[GIVEN ENTRIES Boundary: Start]
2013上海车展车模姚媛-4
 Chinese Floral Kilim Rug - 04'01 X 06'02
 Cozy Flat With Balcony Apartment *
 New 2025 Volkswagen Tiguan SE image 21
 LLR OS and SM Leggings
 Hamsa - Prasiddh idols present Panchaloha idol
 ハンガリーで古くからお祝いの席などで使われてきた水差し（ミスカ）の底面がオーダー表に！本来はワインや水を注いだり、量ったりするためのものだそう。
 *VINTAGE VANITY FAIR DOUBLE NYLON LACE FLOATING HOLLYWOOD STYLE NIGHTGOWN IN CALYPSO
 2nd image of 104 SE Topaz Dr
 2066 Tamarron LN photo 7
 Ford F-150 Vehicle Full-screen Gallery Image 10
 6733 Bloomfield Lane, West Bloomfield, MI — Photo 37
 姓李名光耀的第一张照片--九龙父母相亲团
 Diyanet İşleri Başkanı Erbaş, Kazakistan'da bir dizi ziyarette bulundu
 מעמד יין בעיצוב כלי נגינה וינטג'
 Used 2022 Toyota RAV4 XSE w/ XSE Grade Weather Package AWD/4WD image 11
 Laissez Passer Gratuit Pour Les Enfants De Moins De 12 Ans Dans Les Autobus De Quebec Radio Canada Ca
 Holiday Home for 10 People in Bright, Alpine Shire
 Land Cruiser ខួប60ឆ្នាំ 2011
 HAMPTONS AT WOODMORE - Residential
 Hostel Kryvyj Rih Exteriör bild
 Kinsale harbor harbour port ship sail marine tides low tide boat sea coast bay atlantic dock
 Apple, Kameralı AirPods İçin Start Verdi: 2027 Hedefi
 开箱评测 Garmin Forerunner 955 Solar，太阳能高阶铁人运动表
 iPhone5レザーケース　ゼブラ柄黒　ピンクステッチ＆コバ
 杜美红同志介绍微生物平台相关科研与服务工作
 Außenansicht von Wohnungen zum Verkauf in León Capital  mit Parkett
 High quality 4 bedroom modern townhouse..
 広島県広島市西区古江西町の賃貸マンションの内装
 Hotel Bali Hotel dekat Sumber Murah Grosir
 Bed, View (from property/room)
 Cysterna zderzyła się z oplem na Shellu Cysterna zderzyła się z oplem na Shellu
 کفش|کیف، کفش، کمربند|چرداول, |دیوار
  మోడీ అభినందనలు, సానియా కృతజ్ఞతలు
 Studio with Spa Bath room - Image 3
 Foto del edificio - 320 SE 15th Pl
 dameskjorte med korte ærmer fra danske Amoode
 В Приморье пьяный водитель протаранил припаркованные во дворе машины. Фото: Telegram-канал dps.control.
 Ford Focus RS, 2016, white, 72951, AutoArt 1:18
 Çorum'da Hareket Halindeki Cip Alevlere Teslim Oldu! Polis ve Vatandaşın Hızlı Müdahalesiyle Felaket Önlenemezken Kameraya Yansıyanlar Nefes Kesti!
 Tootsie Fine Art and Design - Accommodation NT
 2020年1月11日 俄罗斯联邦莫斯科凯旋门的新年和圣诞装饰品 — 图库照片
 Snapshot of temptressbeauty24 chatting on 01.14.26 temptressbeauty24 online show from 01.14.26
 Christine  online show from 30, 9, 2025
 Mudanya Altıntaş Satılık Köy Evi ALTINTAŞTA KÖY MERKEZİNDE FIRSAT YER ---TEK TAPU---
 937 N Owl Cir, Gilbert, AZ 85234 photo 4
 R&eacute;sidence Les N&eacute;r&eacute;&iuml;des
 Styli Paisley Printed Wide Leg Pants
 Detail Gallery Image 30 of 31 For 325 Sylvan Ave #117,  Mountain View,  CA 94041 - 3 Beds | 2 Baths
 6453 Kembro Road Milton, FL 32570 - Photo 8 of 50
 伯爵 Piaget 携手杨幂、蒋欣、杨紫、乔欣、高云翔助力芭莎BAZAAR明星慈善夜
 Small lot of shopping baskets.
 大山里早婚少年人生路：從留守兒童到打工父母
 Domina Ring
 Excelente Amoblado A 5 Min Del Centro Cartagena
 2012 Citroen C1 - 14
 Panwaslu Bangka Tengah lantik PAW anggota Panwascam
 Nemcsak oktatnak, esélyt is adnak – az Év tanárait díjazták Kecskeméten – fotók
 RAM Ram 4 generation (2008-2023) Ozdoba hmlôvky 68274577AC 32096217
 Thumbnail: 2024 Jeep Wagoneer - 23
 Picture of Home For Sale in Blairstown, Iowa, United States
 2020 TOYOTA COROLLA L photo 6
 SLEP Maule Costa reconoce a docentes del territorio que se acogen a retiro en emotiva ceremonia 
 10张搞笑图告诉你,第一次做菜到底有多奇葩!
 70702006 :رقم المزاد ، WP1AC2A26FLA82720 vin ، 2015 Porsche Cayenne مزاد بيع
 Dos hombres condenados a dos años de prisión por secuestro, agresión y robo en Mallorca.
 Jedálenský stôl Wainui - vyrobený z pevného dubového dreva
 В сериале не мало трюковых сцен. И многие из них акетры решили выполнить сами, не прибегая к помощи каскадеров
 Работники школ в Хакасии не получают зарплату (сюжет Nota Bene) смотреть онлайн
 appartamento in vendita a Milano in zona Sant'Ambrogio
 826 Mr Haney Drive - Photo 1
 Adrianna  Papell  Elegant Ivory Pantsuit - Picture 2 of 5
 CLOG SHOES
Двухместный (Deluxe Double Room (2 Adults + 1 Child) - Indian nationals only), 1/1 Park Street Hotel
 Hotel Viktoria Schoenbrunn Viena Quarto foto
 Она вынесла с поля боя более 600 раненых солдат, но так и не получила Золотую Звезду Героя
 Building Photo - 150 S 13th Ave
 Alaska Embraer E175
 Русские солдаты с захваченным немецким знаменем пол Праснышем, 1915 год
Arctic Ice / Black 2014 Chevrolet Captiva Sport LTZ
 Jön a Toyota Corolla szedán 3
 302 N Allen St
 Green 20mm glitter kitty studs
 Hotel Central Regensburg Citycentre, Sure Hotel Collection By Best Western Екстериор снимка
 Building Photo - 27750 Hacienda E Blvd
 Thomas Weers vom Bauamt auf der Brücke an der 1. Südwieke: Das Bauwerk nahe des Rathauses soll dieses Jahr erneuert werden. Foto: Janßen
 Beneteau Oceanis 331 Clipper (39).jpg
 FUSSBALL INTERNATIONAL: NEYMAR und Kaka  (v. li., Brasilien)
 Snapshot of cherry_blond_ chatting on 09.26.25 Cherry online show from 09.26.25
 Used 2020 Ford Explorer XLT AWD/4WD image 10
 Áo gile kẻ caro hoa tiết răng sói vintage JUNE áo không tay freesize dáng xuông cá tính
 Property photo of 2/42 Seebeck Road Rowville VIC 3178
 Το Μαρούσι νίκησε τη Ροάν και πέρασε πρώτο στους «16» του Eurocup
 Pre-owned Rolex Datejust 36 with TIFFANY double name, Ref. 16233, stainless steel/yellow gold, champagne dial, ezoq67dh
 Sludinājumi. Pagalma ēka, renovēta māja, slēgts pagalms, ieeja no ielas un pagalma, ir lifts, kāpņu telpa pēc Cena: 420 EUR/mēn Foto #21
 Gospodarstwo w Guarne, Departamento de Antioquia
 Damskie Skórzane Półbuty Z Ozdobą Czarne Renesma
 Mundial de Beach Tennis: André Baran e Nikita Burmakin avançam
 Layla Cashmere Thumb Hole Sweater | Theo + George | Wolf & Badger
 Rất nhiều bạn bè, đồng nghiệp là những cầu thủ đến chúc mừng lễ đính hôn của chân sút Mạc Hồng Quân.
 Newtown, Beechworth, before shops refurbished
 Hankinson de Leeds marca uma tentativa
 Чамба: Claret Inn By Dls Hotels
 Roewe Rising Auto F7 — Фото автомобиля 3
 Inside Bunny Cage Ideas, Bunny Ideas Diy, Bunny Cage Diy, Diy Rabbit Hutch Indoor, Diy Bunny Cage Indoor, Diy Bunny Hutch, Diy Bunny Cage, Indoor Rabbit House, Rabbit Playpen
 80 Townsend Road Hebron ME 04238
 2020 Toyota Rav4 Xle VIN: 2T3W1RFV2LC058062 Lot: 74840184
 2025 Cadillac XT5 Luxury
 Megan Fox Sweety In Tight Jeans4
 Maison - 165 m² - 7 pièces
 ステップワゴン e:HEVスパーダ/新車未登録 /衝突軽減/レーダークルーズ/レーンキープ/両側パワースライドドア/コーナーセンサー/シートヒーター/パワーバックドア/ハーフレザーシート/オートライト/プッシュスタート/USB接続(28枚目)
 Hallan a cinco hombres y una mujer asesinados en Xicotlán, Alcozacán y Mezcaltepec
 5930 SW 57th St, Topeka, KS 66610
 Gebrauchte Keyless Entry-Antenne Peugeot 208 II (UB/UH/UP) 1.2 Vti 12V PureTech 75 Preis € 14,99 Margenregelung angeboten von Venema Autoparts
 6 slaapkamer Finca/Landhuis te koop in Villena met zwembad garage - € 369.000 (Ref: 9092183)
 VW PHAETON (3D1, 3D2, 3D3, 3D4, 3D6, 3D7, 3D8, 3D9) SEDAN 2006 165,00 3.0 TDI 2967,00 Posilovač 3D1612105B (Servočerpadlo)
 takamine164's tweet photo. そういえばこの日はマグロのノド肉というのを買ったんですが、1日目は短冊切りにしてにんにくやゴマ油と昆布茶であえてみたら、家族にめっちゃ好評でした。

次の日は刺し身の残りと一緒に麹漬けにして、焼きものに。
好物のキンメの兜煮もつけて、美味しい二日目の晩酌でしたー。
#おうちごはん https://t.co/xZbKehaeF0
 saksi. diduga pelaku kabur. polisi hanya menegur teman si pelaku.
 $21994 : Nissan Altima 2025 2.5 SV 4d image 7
[GIVEN ENTRIES Boundary: End]
◆ WORK REQUEST ◆
Count the lines above that contain "from", and give only the number.

◆ FINAL ANSWER ◆
4